Tom Privitere photo: Ove Overmyer |
WNY Director of Field Services, Public Employees Federation
Rochester, N.Y.-- In the days when Kodak, Xerox, Bausch and Lomb and other large manufacturing companies were flourishing in our area, those of us who made a choice to go into public sector service jobs...taking lower pay and, in many cases, fewer benefits, are now being vilified because we’re the “last soldiers standing” in the war against the middle-class.
The powers that be are turning many of those private sector workers, who are justifiably angry over being stabbed in the back by their former employers, into pawns goaded into fighting a battle against their own kind.
All you have to do is ask those people who thought that their Kodak and Xerox pensions and health insurance packages were going to take them through their retirement years.

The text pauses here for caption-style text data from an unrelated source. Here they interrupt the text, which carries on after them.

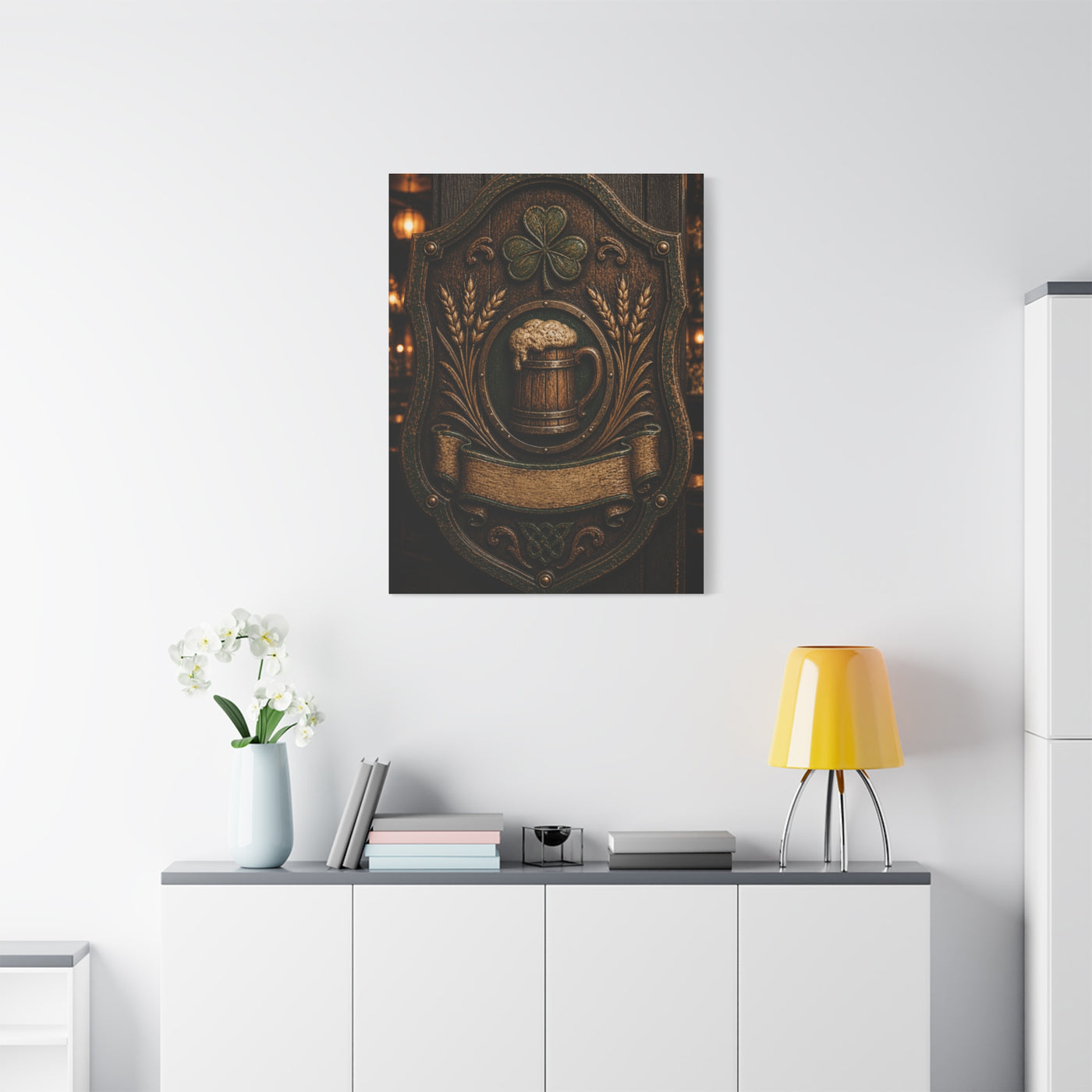 Irish Pub Heritage Crest Wall Art & Canvas Print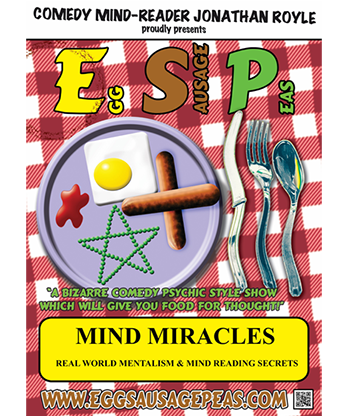 MIND MIRACLES - REAL WORLD MENTALISM & MIND READING SECRETS by Jonathan Royle mixed media DOWNLOAD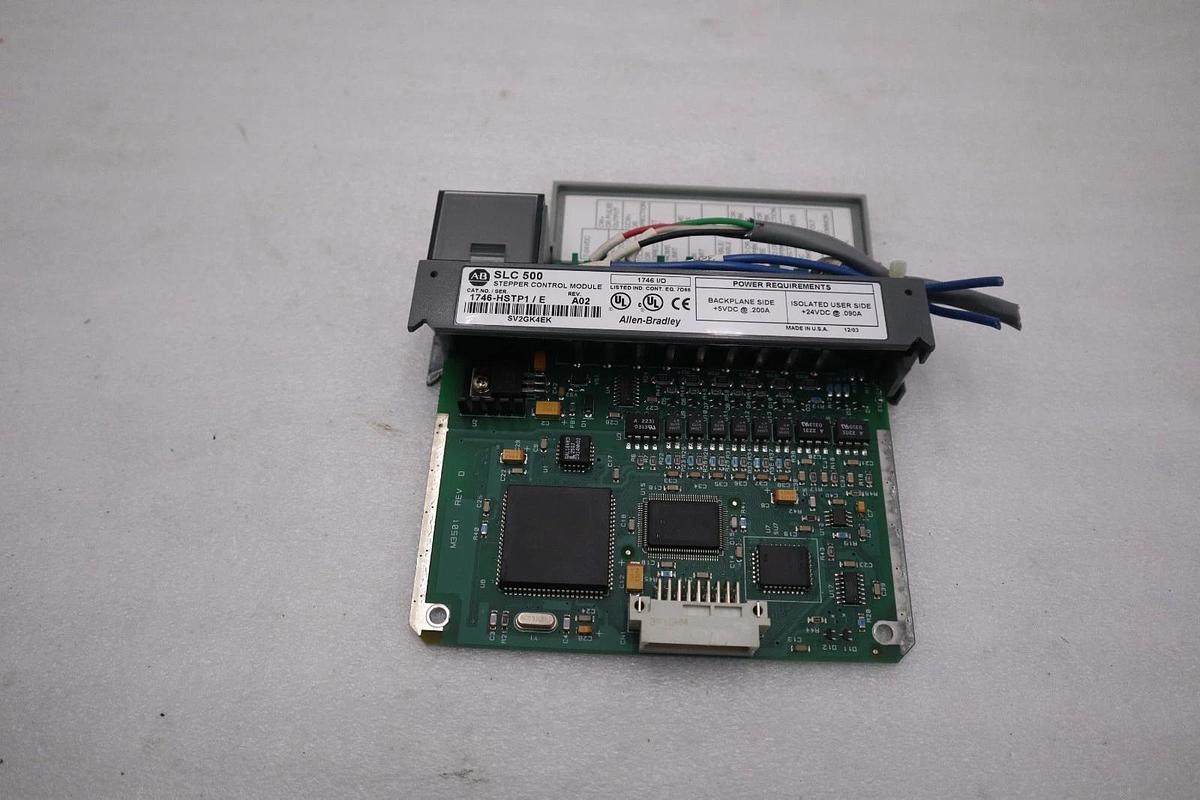 Used AB ALLEN BRADLEY 1746-HSTP1 SER E STEPPER CONTROL MODULE STK 5354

They gave their heart and soul to these companies; they provided the human capital that drove their engines of success.
Just recently, an AFL-CIO report shows the CEOs at 299 U.S. born companies earned a staggering $3.4 billion combined in executive compensation in 2010. This is a 23 percent increase from the prior year. Nearly 190 of those chief executives got a pay raise compared to their 2009 levels.
This also comes at a time when rank and file workers and retirees whose lifelines and retirement benefits have all but dried up. And that is to say nothing of their co-workers jobs, which have been CAPTA’d and NAFTA’d overseas.

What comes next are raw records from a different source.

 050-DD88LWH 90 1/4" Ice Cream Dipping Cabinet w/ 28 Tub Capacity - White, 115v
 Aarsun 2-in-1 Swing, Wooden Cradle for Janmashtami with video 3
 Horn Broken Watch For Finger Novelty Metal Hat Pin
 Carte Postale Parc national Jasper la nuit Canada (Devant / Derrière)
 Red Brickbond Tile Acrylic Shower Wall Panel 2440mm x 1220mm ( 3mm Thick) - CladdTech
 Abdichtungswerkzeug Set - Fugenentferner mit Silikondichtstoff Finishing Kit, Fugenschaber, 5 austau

The class war is being won by the "2 percenters" who are successfully convincing middle-class Americans that public employees are the enemy. They say we are the cause of their woes-- that we are eating up their taxes and increasing their costs. If we are to point fingers at anyone, we should be recognizing the fact that extending the Bush Tax Cuts, opening corporate tax loopholes, greedy Wall Street fat cats and financial market deregulation are all responsible for the inability for federal, state and local governments to generate enough revenue to balance our budgets.
Tom Privitere (wearing red) attends the "Save Our Schools" Rally at the Liberty Pole in downtown Rochester, N.Y. on March 17, 2011. photo: Ove Overmyer |
The fact is that the same people who are controlling the media are subliminally and overtly messaging a mantra to the masses that keeps us fighting amongst ourselves while they sit on their yachts, and in their ivory towers, rubbing their hands with glee as they count their millions and laugh at just how easily they have manipulated the conversation.

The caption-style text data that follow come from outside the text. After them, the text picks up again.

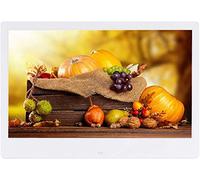 Spacmirrors Digital Picture Frame Electronic album 17.3 inch Digital Photo Frame HD video advertising Player IPS full view HD video Gift Present for Family Friends (White 17.3 inches)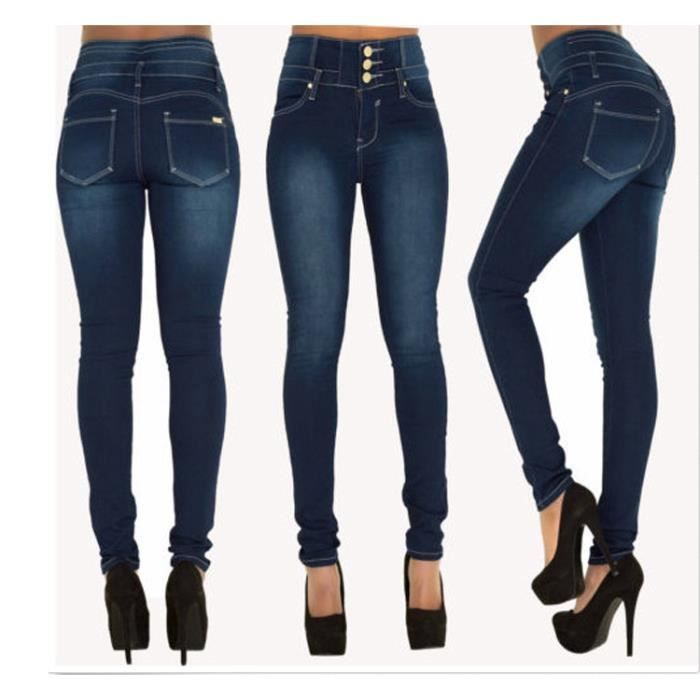 Pantalon large en denim bleu surdimensionné Boutique Printemps main image 1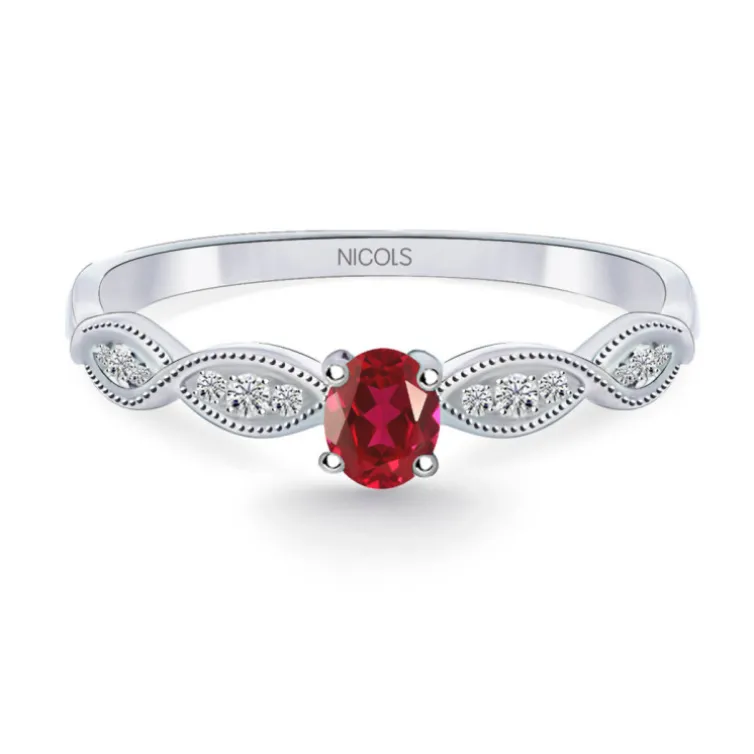 Anillo Rubi Wave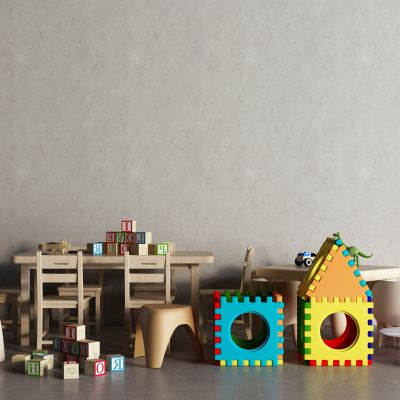 现代儿童桌 积木 玩具 凳子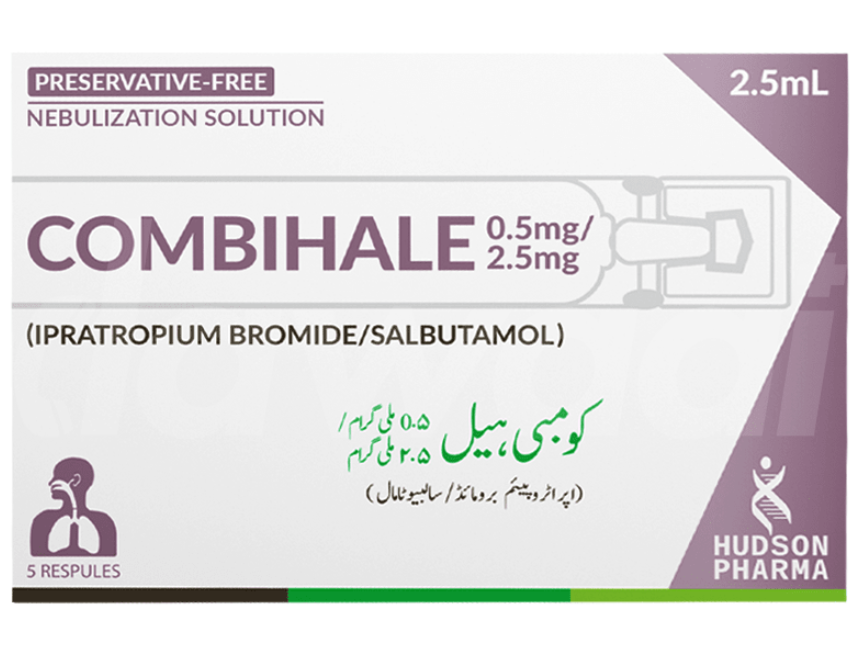 Combihale 0.5/2.5mg NEB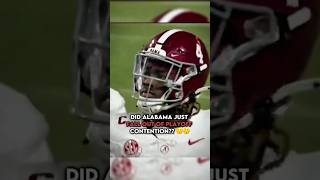 Did Alabama just fall out of playoffs contention 🤔🤔 shorts [upl. by Erik]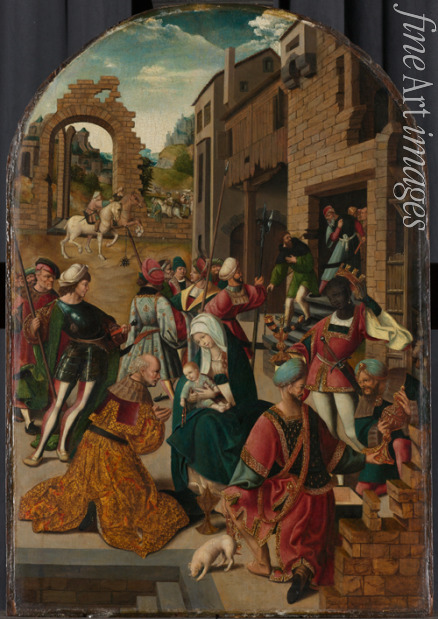 Cornelisz van Oostsanen Jacob - The Adoration of the Magi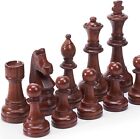 Wooden Chess Pieces Large 4 5   King Set Of 32 Luxury Staunton Wood Chessmen For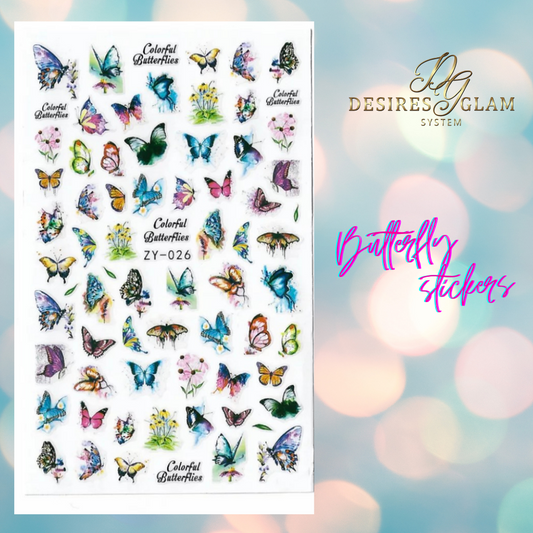 🦋Butterfly Nails Stickers  026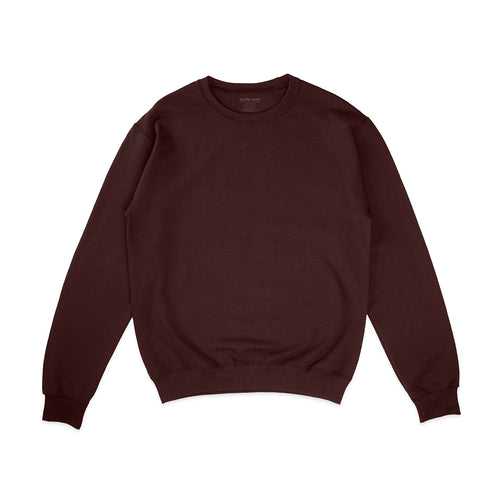 Maroon Plain Heavyweight Oversized Sweatshirt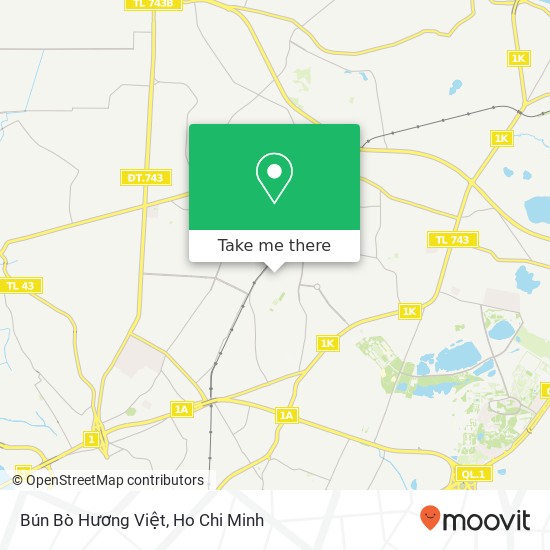 Bún Bò Hương Việt map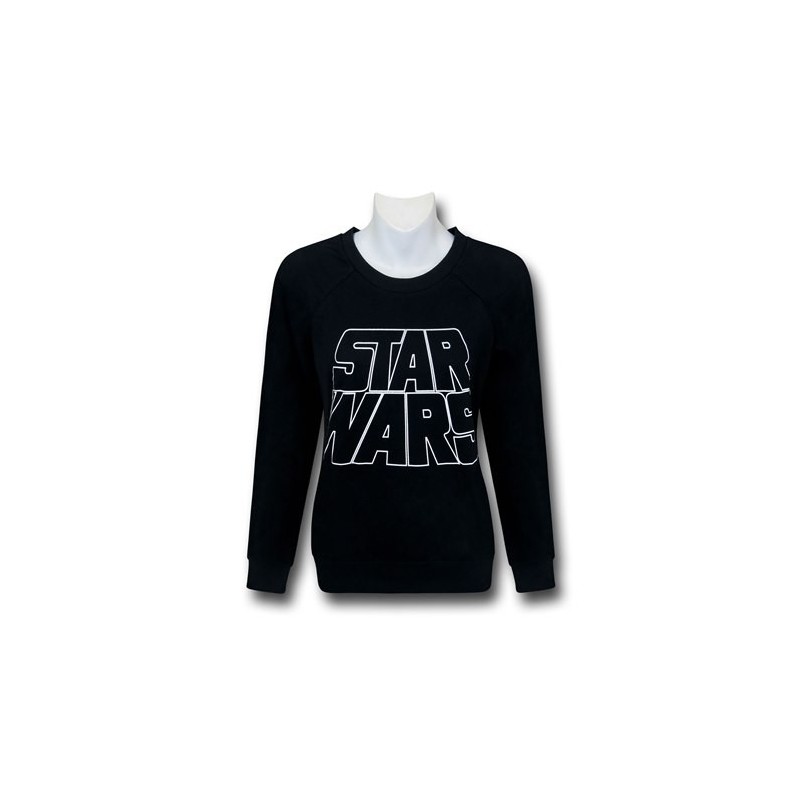 Blusa Moletom Masculina Logo Star Wars Geek Preta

If you haven't been paying attention of late, these conquer and divide strategies pitting the “private” against the “public” sector is exactly what the “2 percenters” and multi-national corporations planned for us all along.
They have redefined “us” and “them.” They have ingeniously removed themselves from the field of battle and watch from above as working middle-class Americans of public and private stripes argue amongst themselves and waste energy finger pointing at each other. The real culprits in this class war insulate themselves from responsibility and exempt themselves from not only taxes, but dodge the blame for the disintegration of our free market system.
This is a race to the bottom folks, and I refuse to be a pawn in that game of war.